I’ve watched a couple analyses of the film Starship Troopers and I think the most cogent one was the idea that Paul Verhoeven made the movie as if it was an artifact of a right-wing fascist future and presented it the world, as if saying “This is the kind of movie that a fascist society would make.” A vapid teen love triangle with three perfect-looking white people. Unflinching praise of the state. No actual conclusion of the conflict being portrayed. Even in the infamous shower scene, the naked young people don’t even get horny for a second, they just talk about how awesome citizenship is. In 1997, before 9/11 ramped up the militarism, nobody knew what to make of it, but now everyone’s like “Yeah, that’s where things are going.”

That is absolutely what he intended, and he’s confirmed this many times in interviews.

It’s always baffled me that so many people initially miss what to me is very very obvious satire in Verhoeven’s films (let’s face it, he’s hardly subtle), and since he grew up in Nazi-occupied Holland he’s experienced first-hand what it’s like living in a Fascist society and with all the trappings of that (relentless propaganda, etc.).

It’s also worth noting that the film always had a much more positive critical reception in Europe, where I suspect we were more instinctively in tune with the more explicitly anti-American elements – we didn’t need the shock of 9/11 and its aftermath to retrospectively explain where Verhoeven was coming from as we were already more than used to the idea of the US steaming in, blowing things up and leaving the newly-broken countries that they’d invaded to pick up the pieces.

Lizzie
Lizzie
5 years ago

On a happy Heinlein note: I first read about waterbeds in a Heinlein novel, I think it was Stranger in a Strange Land, and I bought one the day I left home, and am still sleeping on it more than forty years later.
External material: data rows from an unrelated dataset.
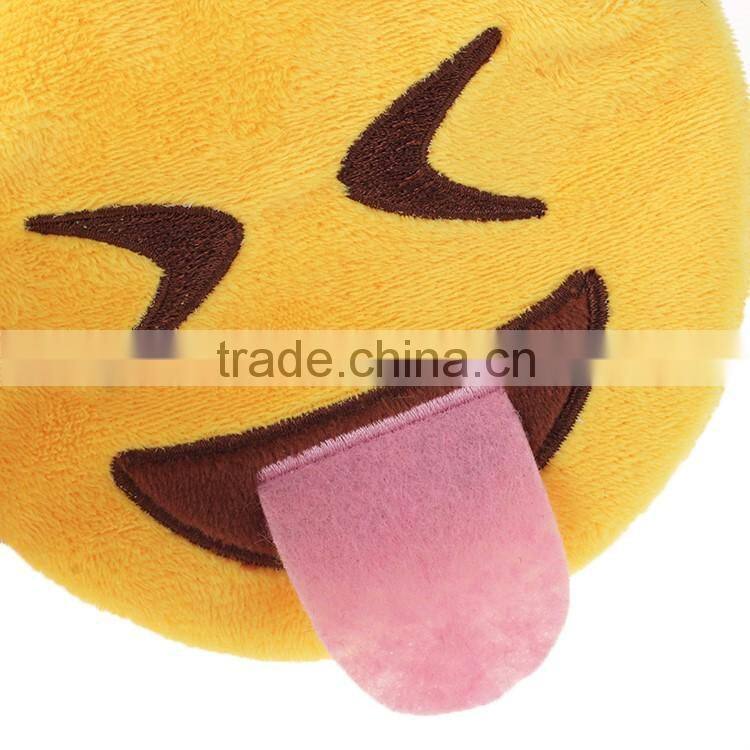 New Arrival Soft Smile Face Emoji wallet Toys Yangzhou made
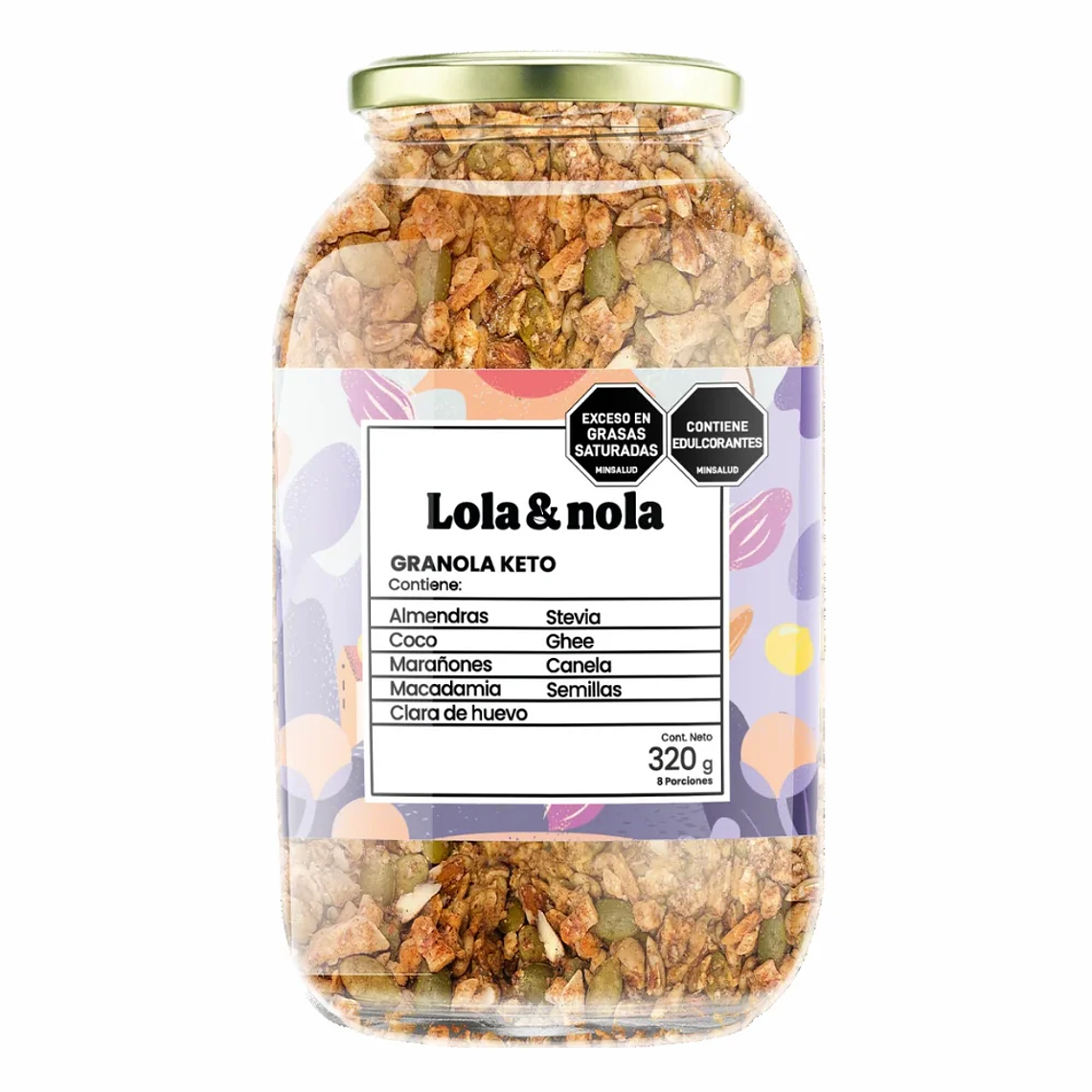 Granola Keto 320 g Lola & Nola 1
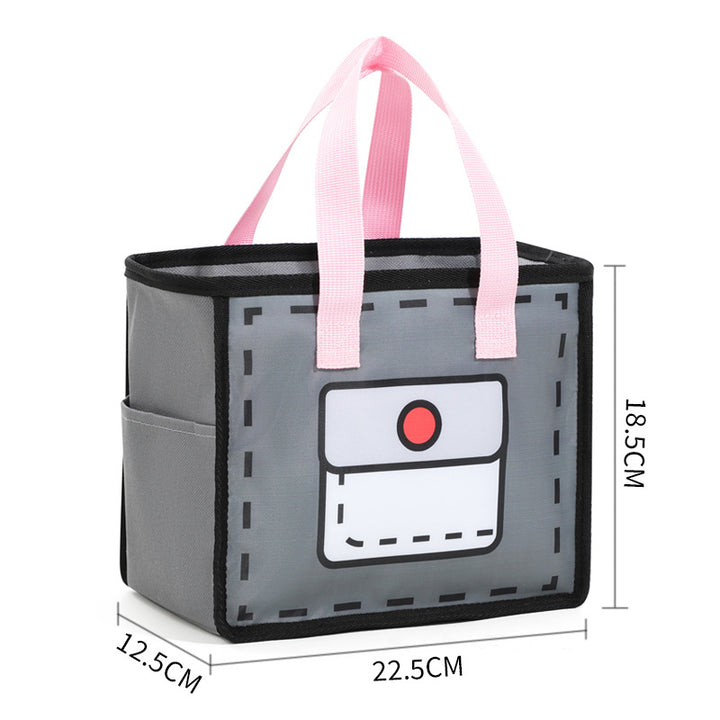 Insulated Lunch Bag Cooler with Side Pocket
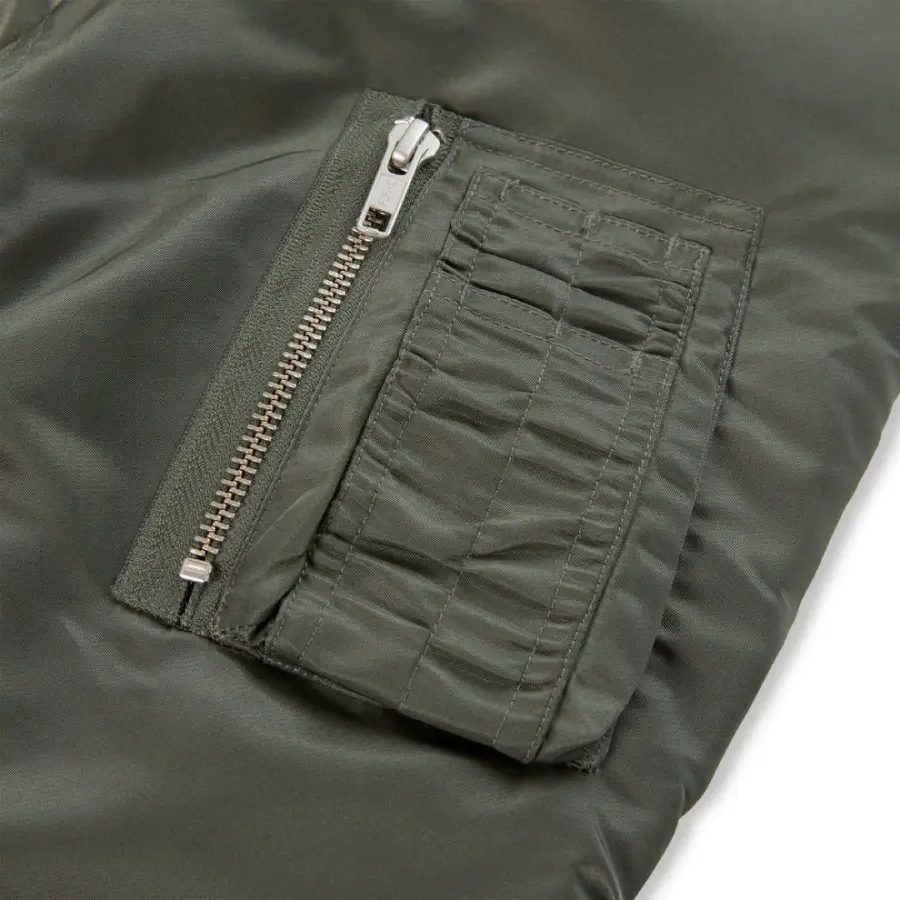 Spider Olive Army Polyester Jacket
Well the frame is the same, I have had three different mattresses in it. (Bit like the 500 year old broom that has had three new sticks and four new broom heads, but still…)

weirwoodtreehugger: chief manatee

Speaking of racism,

David, you’ve probably seen this, since I assume you follow Talia Lavin’s Twitter, but just in case

https://twitter.com/chick_in_kiev/status/1152108832090464257?s=19

Stephen Molyneux no longer thinks anti-Semitism is bad because Jewish people are not fighting anti-white racism.

Yikes.

Dalillama
Dalillama
5 years ago

@Lizzie

On a happy Heinlein note: I first read about waterbeds in a Heinlein novel,

Heinlein is popularly credited with inventing the modern waterbed, or at least designing it; he never built one, but the specifications he wrote up are pretty much the ones that were made a few years after he described it.

weirwoodtreehugger: chief manatee

I meant fascism in my earlier comment, but racism works too.

bluecat
bluecat
5 years ago

Among enslaved women at certain courts, the women’s ankles were tattooed with dates of their periods, when their owner had raped them, birthdates of their children, etc.

Pie
Pie
5 years ago

@bluecat

Among enslaved women at certain courts, the women’s ankles were tattooed with dates of their periods…

Gor wasn’t a documentary series.

bluecat
bluecat
5 years ago

No idea what Gor is, @Pie. Is it something to do with the televisual device? I don’t have one.

But history: I read a lot of it.

Ariblester
Ariblester
5 years ago

bluecat wrote on
July 22, 2019 at 7:00 am:

Pie wrote on
July 20, 2019 at 3:27 pm:

@bluecat

Among enslaved women at certain courts, the women’s ankles were tattooed with dates of their periods…

Gor wasn’t a documentary series.

No idea what Gor is, @Pie. Is it something to do with the televisual device? I don’t have one.

But history: I read a lot of it.

I’ve never read them, but apparently Gor is a series of fantasy novels taking place on a world where men are Men and (most) women are slaves (and happy to be enslaved, as is the Natural Way). I am given to understand that it is widely regarded as terrible thinly-veiled smut. Female slaves are usually branded, though not quite in the way you describe.

Flyboy
Flyboy
4 years ago

David, you are dangerously wrong. Your cats can read; they just pretend they can’t so they can use their reading ability against you at the most convenient time.